Contudo, por mais brilhantes que sejam, ainda estamos diante de um trabalho de conversão que decepciona.
Os controles continuam sólidos. A falta de botões no PlayStation Vita pouco atrapalha a experiência em seu estado bruto, mesmo que demore um pouco para se acostumar aos comandos que exigem uso das telas de toque dianteira e traseira. O jogador ainda continua controlando as principais ações de Kratos por controles convencionais. A tela traseira do Vita é usada para abrir baús, acionar os pontos de salvamento durante o jogo, acionar alavancas e, ainda, abrir algumas portas em comunhão ao botão círculo. A tela de toque principal permite alternar entre diferentes armas que Kratos consegue durante God of War II, ativar a Rage of the Gods (God of War) ou a Chrono's Rage (God of War II) – ataques especiais – e ativar o Amulet of the Fate (God of War II), o qual serve para controlar o tempo e algumas habilidades fundamentadas em Hermes (God of War). São alternativas úteis, apesar de ser um pouco incômodo ditar ações com a tela de toque traseira, devido a ser muito sensível, e, por vezes, um comando pode sair sem o jogador querê-lo.
O tripé jogabilidade, visual e som sofre algumas baixas, ora pequenas, ora consideráveis. A taxa de quadros é inconstante nos dois títulos. Nada de muito alarmante, mas que incomoda principalmente a quem experimentou o framerate sólido da versão de PlayStation 3 dessa coleção. Obviamente, os hardwares são diferentes, mas fica a sensação de que o Vita poderia se aproximar do que fora visto em seu irmão maior. Em God of War II, a falta de uma satisfatória fluidez em coisas básicas se torna irritante, porque até mesmo ao acessar os menus ou ao salvar o progresso temos uma lentidão inexplicável.

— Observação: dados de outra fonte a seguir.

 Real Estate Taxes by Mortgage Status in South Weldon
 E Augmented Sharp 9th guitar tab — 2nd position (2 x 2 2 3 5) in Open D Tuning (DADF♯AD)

Os gráficos ainda impõem certo respeito quando estamos no comando da ação. Mesmo com momentos um pouco borrados, um serrilhado ali e outro aqui, os dois títulos são lindos no Vita. Entretanto, nas cenas de corte, não otimizadas à resolução do portátil, os problemas aparecem. Borradas ao extremo, principalmente nas cenas de computação gráfica, não seria exagero dizer que as belas cutscenes dos God of War, aqui, se assemelham um pouco a trabalhos vistos no PSOne. Junte isto ao som abafado, principalmente em God of War II, e temos uma experiência frustrante quando vemos o enredo sendo contado em cenas não-interativas.
Veredito
A Sanzaru Games estava com ouro nas mãos, mas não fez um bom trabalho. God of War Collection, assim como muitos ports de Vita, evidencia o descaso que há com o portátil. Jogadores pacientes certamente conseguirão se divertir, afinal, em seu cerne, há duas obras-primas da Santa Monica Studio. Entretanto, os defeitos estão presentes nesta adaptação, não a ponto de provocar a ira dos deuses, mas talvez a ira de quem esperava um tratamento digno para um portátil que tem um potencial enorme e subaproveitado.
Análise feita com cópia digital adquirida na PlayStation Store americana.